Fork me on GitHub
#clojure-dev
<
2019-01-17
>
cfleming20:01:28

I think there’s a problem in 1.10 😞

cfleming20:01:54

Debugging under JDI seems to be broken because of a change in the behaviour of DynamicClassLoader.

cfleming20:01:58

Although I can’t figure it out.

cfleming20:01:22

I’ve been working with the debugger guy at JetBrains, and he said: > For some reason java.lang.Object is not reported as visible from the DynamicClassLoader used in evaluation, so jdi method args types checks fail. In 1.09 it does not happen. Definitely some changes in 1.10 trigger that.

cfleming20:01:11

I’ve asked him for some clarification on what exactly he means by “not visible”, but he’s inconveniently asleep.

cfleming20:01:04

Looking at the change history, there were only two changes to the DCL in 1.10, one making a change for CLJ-1550 and the other reverting it, so AFAICT it shouldn’t have changed.
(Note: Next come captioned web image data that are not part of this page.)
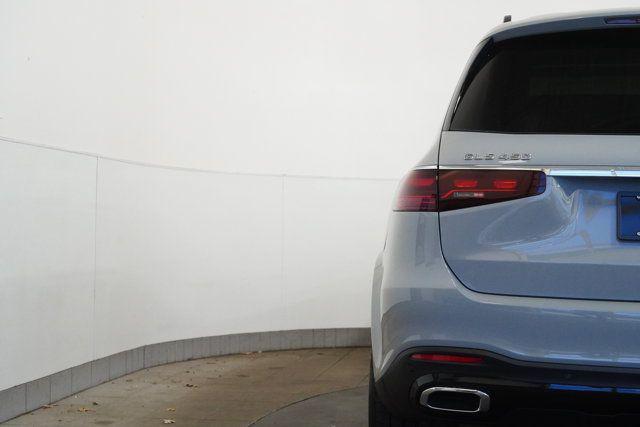 new 2025 Mercedes-Benz GLS 450 car, priced at $108,290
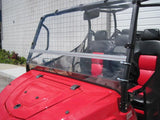 Mahindra Mpac Full Tilt Windshield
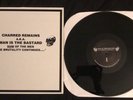Man Is The Bastard Sum Of The Men Charred Remains Vinyl LP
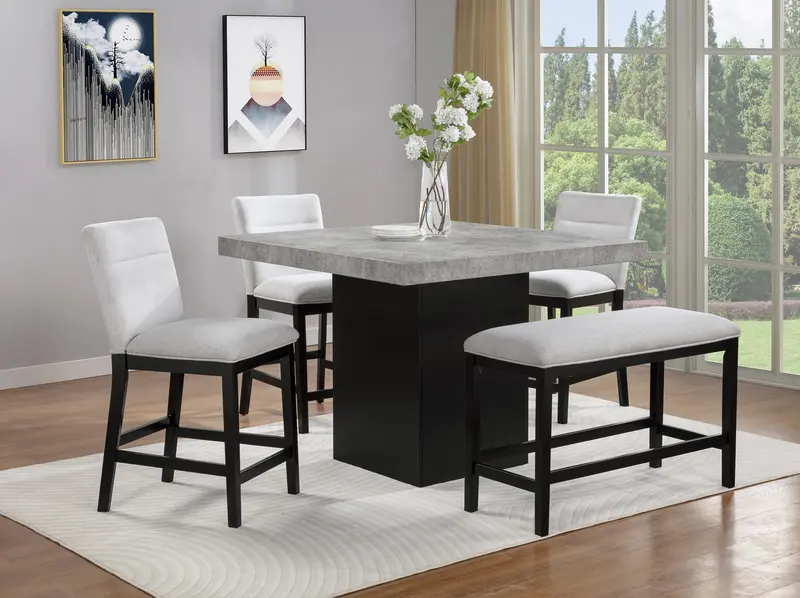 Sebastian Counter Height Dining Chair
Could there be something with the bytecode changes that affect how it responds?

Alex Miller (Clojure team)20:01:26

other than the update in min jdk / asm, can’t think of anything else that changed

ghadi20:01:42

@cfleming you can test that bytecode theory by testing before and after the change, which was.... beta4?
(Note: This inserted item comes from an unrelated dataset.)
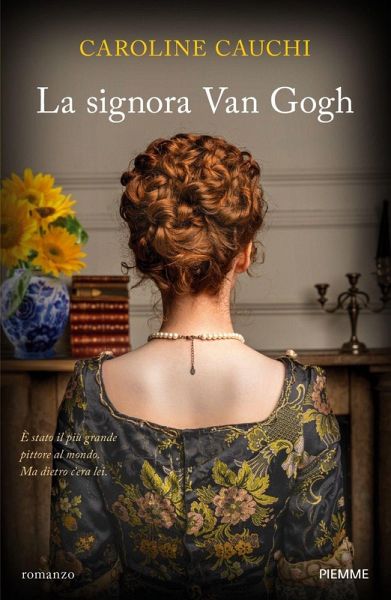 La signora Van Gogh La signora Van Gogh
Alex Miller (Clojure team)20:01:53

certainly the classloader structure of java changed in java 9

cfleming20:01:11

This is still under Java 8.

cfleming20:01:36

@ghadi Ok, I’ll try that, hopefully that doesn’t overlap the range where the DCL had actually changed.

ghadi20:01:03

the change was between beta4 and beta5

cfleming20:01:03

The DCL change, or the bytecode one?

ghadi20:01:34

the bytecode one

cfleming20:01:44

Ok, so beta4 has the old code?

cfleming20:01:51

I’ll test that.

ghadi20:01:43

I'm sorry @cfleming , I meant between alpha4-alpha5

Alex Miller (Clojure team)20:01:21

@ghadi any possibility of the custom getCommonSuperClass() being related?

cfleming20:01:33

Ok, I can probably do a bisect on 1.10 versions actually, it’s relatively quick to test, but I’ll try alpha4/alpha5 first.

ghadi20:01:49

I don't know @alexmiller, but that call is only called during bytecode emission, not runtime

Alex Miller (Clojure team)20:01:14

yeah, I can’t construct a theory of how it would be in play, just thinking of the edge stuff

cfleming20:01:40

That might affect this - when evaluating expressions, I construct an fn, compile it and invoke it.

cfleming20:01:33

The problem is that Egor reproduced the problem, but I don’t have any more information from him than just that message from earlier.

ghadi20:01:56

waiting with bated breath

cfleming20:01:25

It’ll be in a little bit, I’m still doing morning childsitting and multitasking 🙂

ghadi20:01:29

i don't think getCommonSuperClass is related either...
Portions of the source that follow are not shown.